After the operation to facilitate XLWT no difference. However, in the modification of the general do not want to actively modify the style of Excel. Here, the Formatting_info parameter in the XLRD is critical. Even so, in my practice there are still some cell border style auto-loss situation, to be solved!

Summary: The above three brothers are more commonly used Excel processing module, if not too high demand is generally sufficient. But the three brothers are now more specific to the XLS file, in fact, in the format of the conversion of xlsx file is powerless. In the case of requirements such as modifications to the xlsx file, Xlutils will output the xlsx source file as an xlsx file without any format. So the following introduction to the OPENPYXL module is used only for xlsx. (XLS cannot read)

XLSX Module OPENPYXL
Book = Openpyxl.load_workbook ('2.xlsx'== ws.rowsPrint Next (AA) [0].value                             #  can also be set with equal value book.save ('test.xlsx') )

The usage of OPENPYXL is roughly the same as that of the XL three brothers, but the function is more, so the efficiency is worse. The READ_ONLY parameter can be added to the read operation only.

PYWIN32 Module

As the first link gives the comparison, the most functional nature is the Windows API. After all, this thing is out of the family. But the disadvantage is also the most obvious:

1. Cannot cross platform, only for Windows system, also have Excel program.

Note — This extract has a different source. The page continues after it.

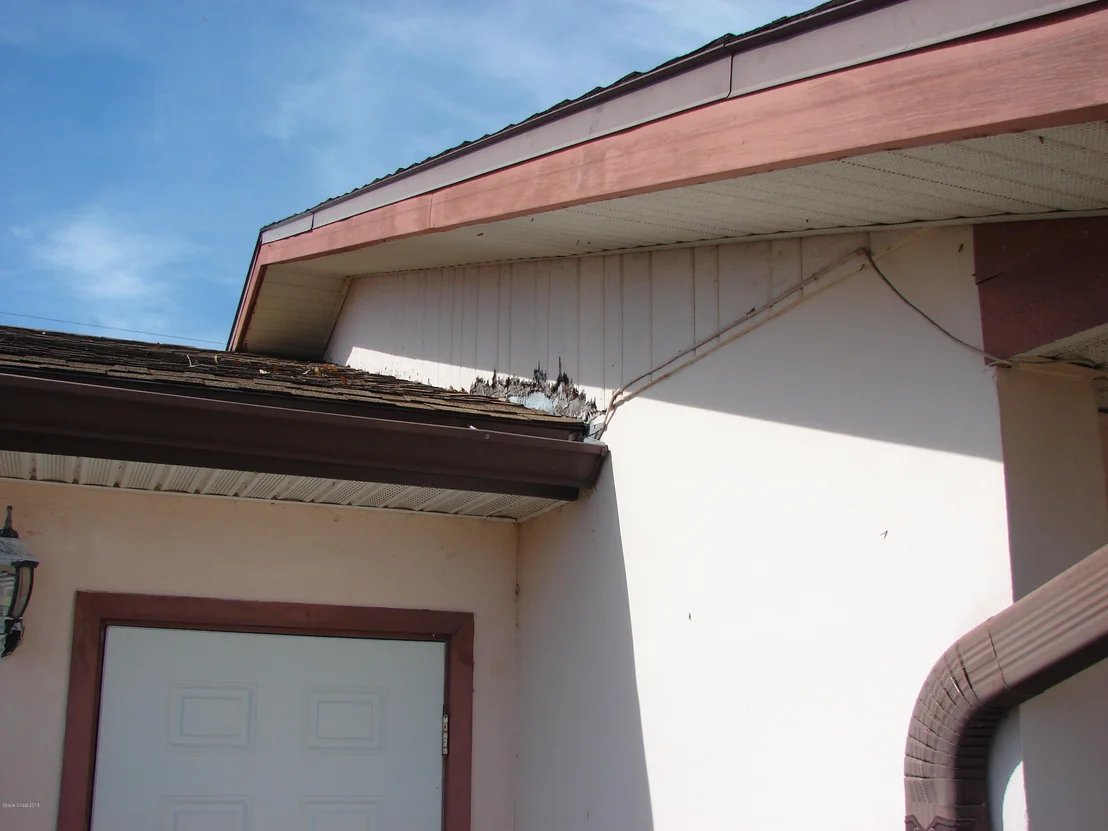 Photo of 974 Burn Drive NE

2. The process of Occupy Excel program, do not pay attention to cause and WPS and other programs conflict.

3. Very slow

 from Import  = Dispatch ('excel.application')                    = XlApp.Workbooks.Open (R')  C:\Users\PycharmProjects\windOFapi\1242.xlsx',)       = Xlbook.worksheets ( ' Sheet1 '  = sht. Cells (4, 3). ValuePrint req

The following two OPENPYXL and Pywin32 modules with less, master not much, do not dare to write more.

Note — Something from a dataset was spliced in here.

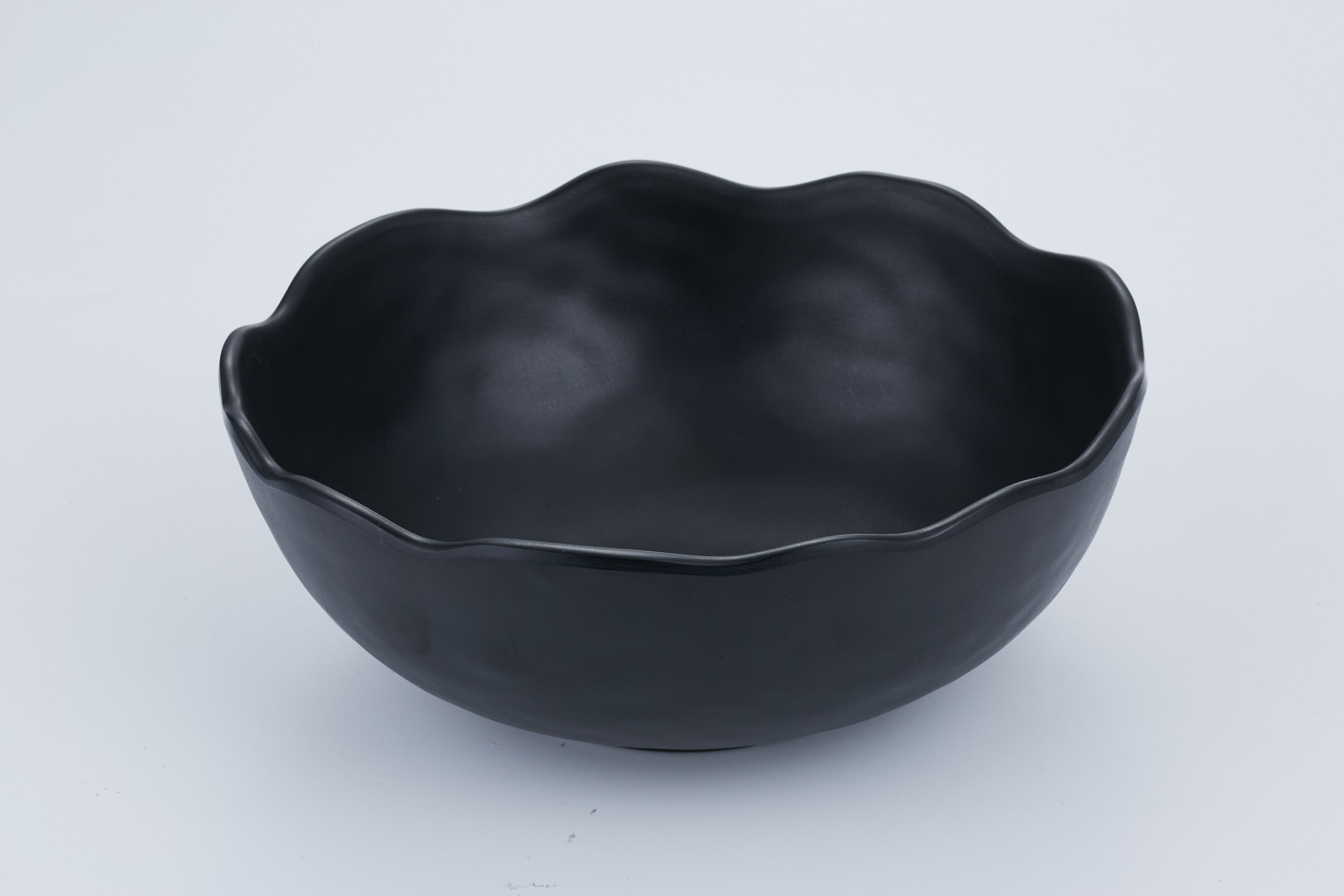 Tô đen SC0231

General processing of tabular data for dry--excel and common python modules.

Related Article

Contact Us

The content source of this page is from Internet, which doesn't represent Alibaba Cloud's opinion; products and services mentioned on that page don't have any relationship with Alibaba Cloud. If the content of the page makes you feel confusing, please write us an email, we will handle the problem within 5 days after receiving your email.

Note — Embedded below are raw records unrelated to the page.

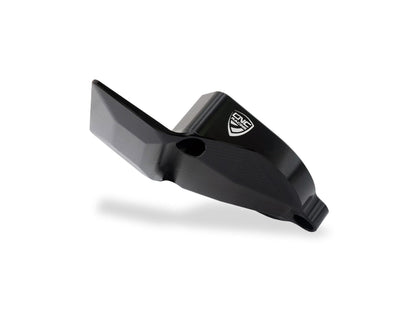 PR320 - CNC RACING Ducati Panigale V4 / Streetfighter V4 (18/24) Sump / Oil Pan Guard – Accessories in the Motoraider Motorcycle Aftermarket Accessories and Parts Online Shop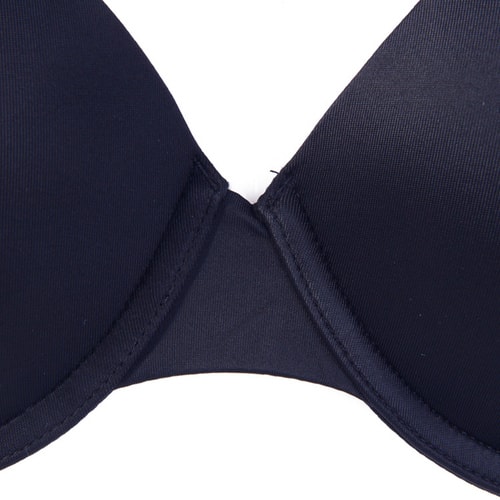 Victoria's Secret/維多利亞的秘密 女士內衣/文胸/胸罩 帶鋼圈 337681 093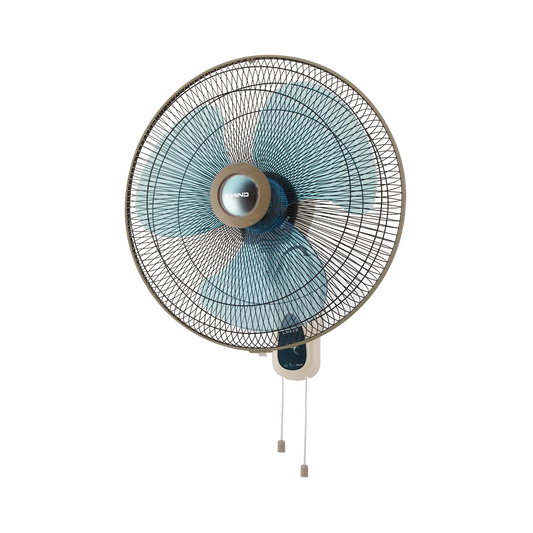 KHIND 18 inch Wall Fan - WF1872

If you find any instances of plagiarism from the community, please send an email to: info-contact@alibabacloud.com and provide relevant evidence. A staff member will contact you within 5 working days.

A Free Trial That Lets You Build Big!

Start building with 50+ products and up to 12 months usage for Elastic Compute Service

  • Sales Support

    1 on 1 presale consultation

  • After-Sales Support

    24/7 Technical Support 6 Free Tickets per Quarter Faster Response

  • Alibaba Cloud offers highly flexible support services tailored to meet your exact needs.